A blockchain is a distributed ledger maintained by a network of computers called nodes that operate in a peer-to-peer fashion. Instead of relying on a central intermediary, thousands of nodes record transactions by trustlessly propagating information to each other; this structural element is central to Web3’s promise of decentralization.
The nodes in the network must be in sync regarding the current state of the blockchain if it is to provide accurate and reliable results to users. Extreme difficulty arises in a P2P network in this regard because nodes in the network don’t receive updates simultaneously.
For the simple reason that they were giving their users contradictory information, a popular NFT team lost tens of thousands of subscribers.
When a user interacts with a dApp and receives true and reliable information, we say that the dApp is accurate.
Web2’s centralized systems make addressing accuracy straightforward by limiting it to a single point of data entry. However, the Web3 distributed system introduces a plethora of novel and difficult problems:
Challenges in Implementation
Coordination issues in networks
Problems arise in ensuring that even the most distant network nodes receive updates (it literally takes longer for information to reach nodes further away in a network)
All of these problems can reduce accuracy across a network of nodes and lead to serving up shattered data, customers being lost, spending a lot of resources correcting an issue that happened in the past.
Let’s take an example.
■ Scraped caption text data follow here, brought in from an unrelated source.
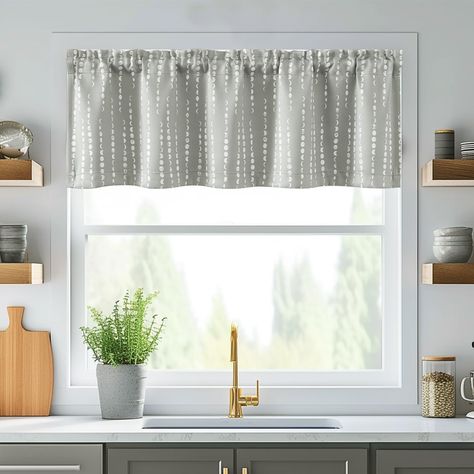 PRICES MAY VARY. Boho Valance for Windows: A package comes in 1 valance measuring 50 inch width by 16 inch length. Our window valance features a 2 inch pole pocket to accommodate cafe curtain rods under 1 1/5" diameter. Refresh the appearance of your windows with JINCHAN valance Moon Phase Pattern: Get away from solid curtains, the boho style print and some modern vibes associated with them bring some exquisite style to your spaces. Our valance curtain creates an artistic and exotic atmosphere i Modern Valances, Boho Valances, Gray Valance, Window Toppers, Cafe Curtain Rods, Small Window Curtains, Cafe Curtain, Kitchen Valances, Valance Window Treatments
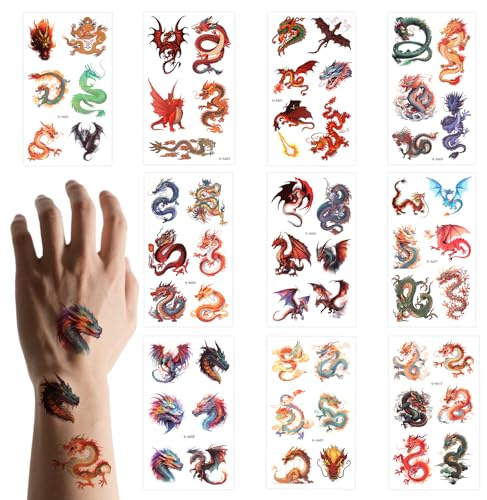 lasuroa 60pcs Dragon Tatouages Temporaires pour Enfants, Animaux Tatouages Autocollants Cadeaux Fête d'Anniversaire pour Garçons Filles Adultes Cadeaux Originaux Décoration Fête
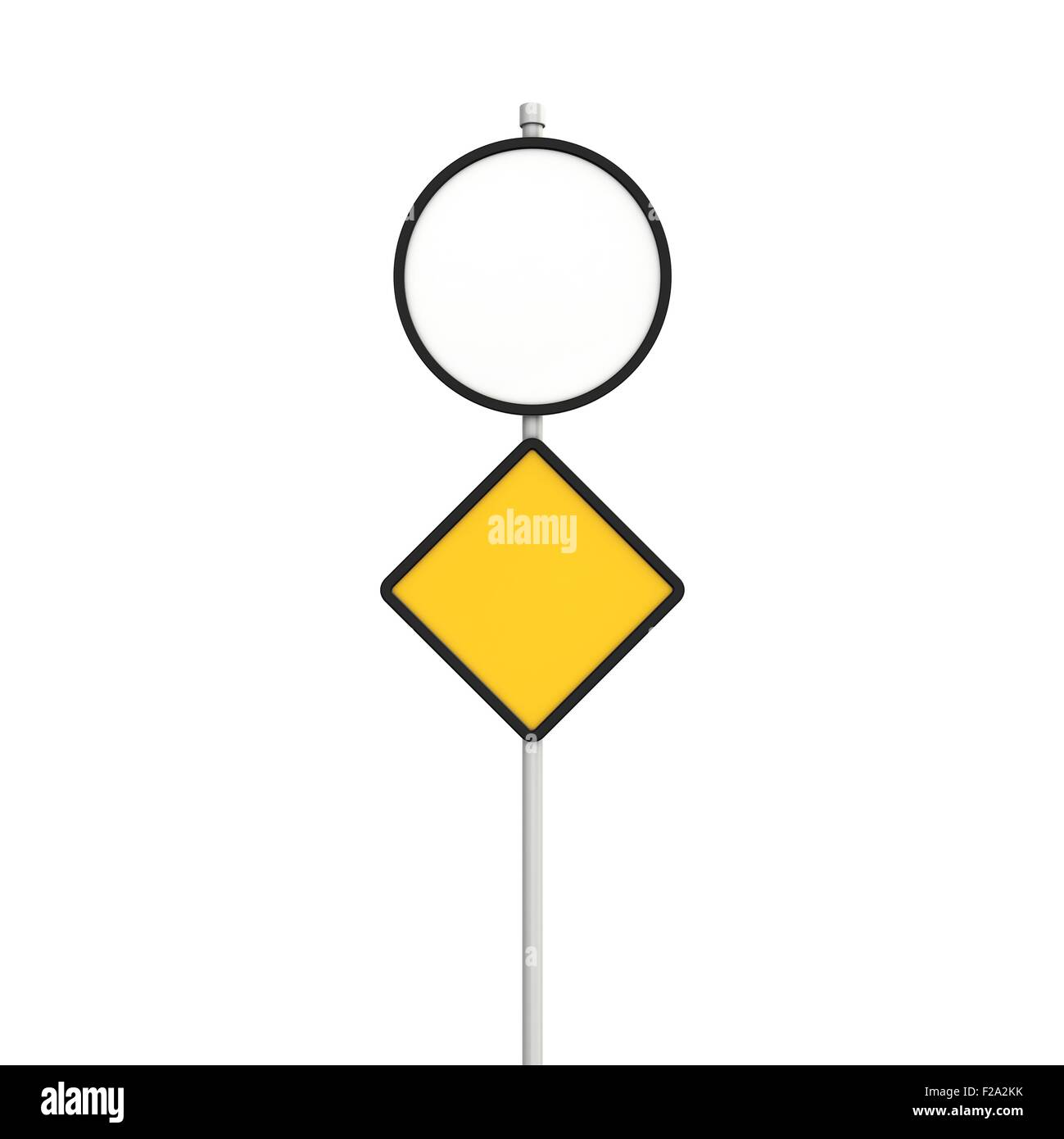 round and yellow road sign Stock Photo Alamy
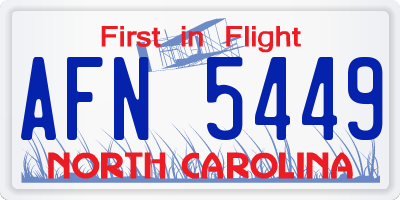 NC license plate AFN5449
Say Alex is interested in joining a DAO and learns that he must first acquire their token:
While using a DEX, Alex inquires, “DAO token still available?”
Alex’s request is sent to Node A by the DEX’s underlying infrastructure provider.
The DEX replied, “Yes, tokens are still available,” via Node A.
The request is sent to Node B by the DEX’s underlying infrastructure provider.
When Alex tries to make a purchase on the DEX using Node B, he receives the message “Transaction failed.”
Even though Alex double-checked that the token was still available, the information returned by Node A was out of date because the DEX was using a load-balancing infrastructure provider (a very common web3 scaling mechanism).
This highlights the central point: information from a single node, which is where information always comes from when using a load balancer, cannot be relied upon at any given time.
Your transaction (and possibly subsequent transactions) may fail or behave unexpectedly if that node responds to your request, as it may not have the most up-to-date information.
Here is another scenario in which something could go wrong:
User request: “Who is the owner of this NFT?”
User request: “How many NFTs Alex owns?”
To what end did this occur? When using a load balancer-reliant architecture, the state of smart contracts and the resulting behavior of their execution will vary from node to node.
Connecting your dApp to the blockchain can be done in a variety of ways, each with their own pros and cons. To top your list of requirements for a service provider, make sure they can reliably deliver accurate results.